YOUR ASSIGNMENT: Please set down exactly the lines from the one that contains "Cardigan oversized de" through the end of the material, leaving out every picture.
Segment Start: DATA EXTRACTS
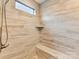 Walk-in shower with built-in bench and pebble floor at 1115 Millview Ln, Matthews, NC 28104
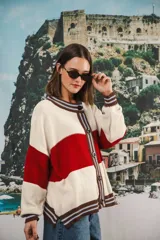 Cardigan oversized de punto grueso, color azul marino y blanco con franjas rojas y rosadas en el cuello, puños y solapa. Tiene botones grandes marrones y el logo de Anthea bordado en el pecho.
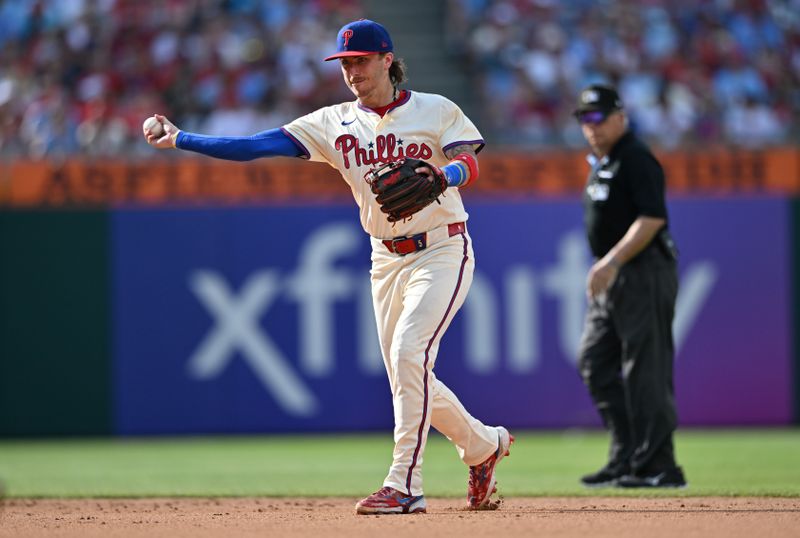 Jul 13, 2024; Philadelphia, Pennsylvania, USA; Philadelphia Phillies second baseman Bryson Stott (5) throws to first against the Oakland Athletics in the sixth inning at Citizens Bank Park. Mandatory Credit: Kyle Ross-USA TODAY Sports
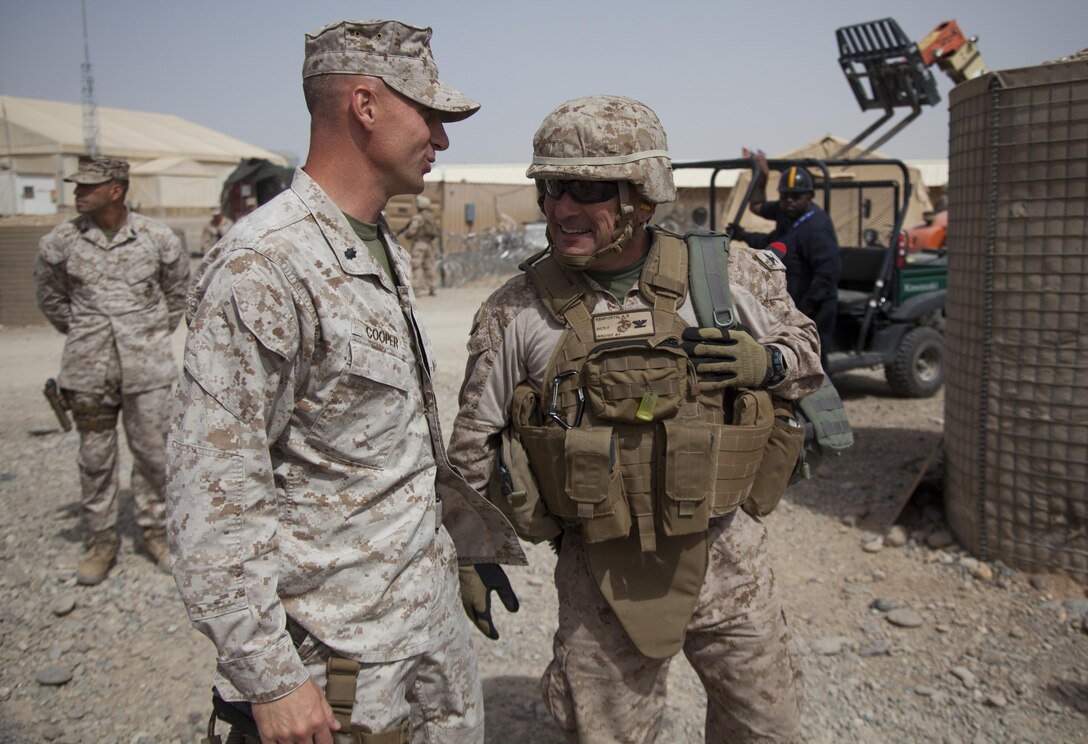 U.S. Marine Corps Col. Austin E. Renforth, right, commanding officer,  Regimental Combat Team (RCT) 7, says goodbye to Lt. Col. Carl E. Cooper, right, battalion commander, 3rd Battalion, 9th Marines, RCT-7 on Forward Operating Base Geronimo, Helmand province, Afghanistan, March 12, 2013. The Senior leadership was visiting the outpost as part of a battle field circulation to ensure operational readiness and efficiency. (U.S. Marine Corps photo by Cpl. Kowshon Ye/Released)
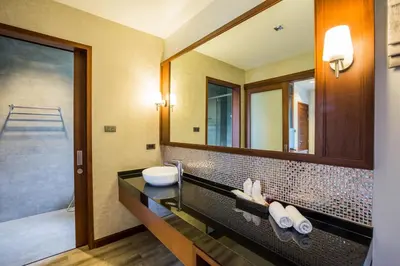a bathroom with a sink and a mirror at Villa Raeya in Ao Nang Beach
Segment End: DATA EXTRACTS
WRITTEN SOLUTION:
 Cardigan oversized de punto grueso, color azul marino y blanco con franjas rojas y rosadas en el cuello, puños y solapa. Tiene botones grandes marrones y el logo de Anthea bordado en el pecho.
 Jul 13, 2024; Philadelphia, Pennsylvania, USA; Philadelphia Phillies second baseman Bryson Stott (5) throws to first against the Oakland Athletics in the sixth inning at Citizens Bank Park. Mandatory Credit: Kyle Ross-USA TODAY Sports
 U.S. Marine Corps Col. Austin E. Renforth, right, commanding officer,  Regimental Combat Team (RCT) 7, says goodbye to Lt. Col. Carl E. Cooper, right, battalion commander, 3rd Battalion, 9th Marines, RCT-7 on Forward Operating Base Geronimo, Helmand province, Afghanistan, March 12, 2013. The Senior leadership was visiting the outpost as part of a battle field circulation to ensure operational readiness and efficiency. (U.S. Marine Corps photo by Cpl. Kowshon Ye/Released)
a bathroom with a sink and a mirror at Villa Raeya in Ao Nang Beach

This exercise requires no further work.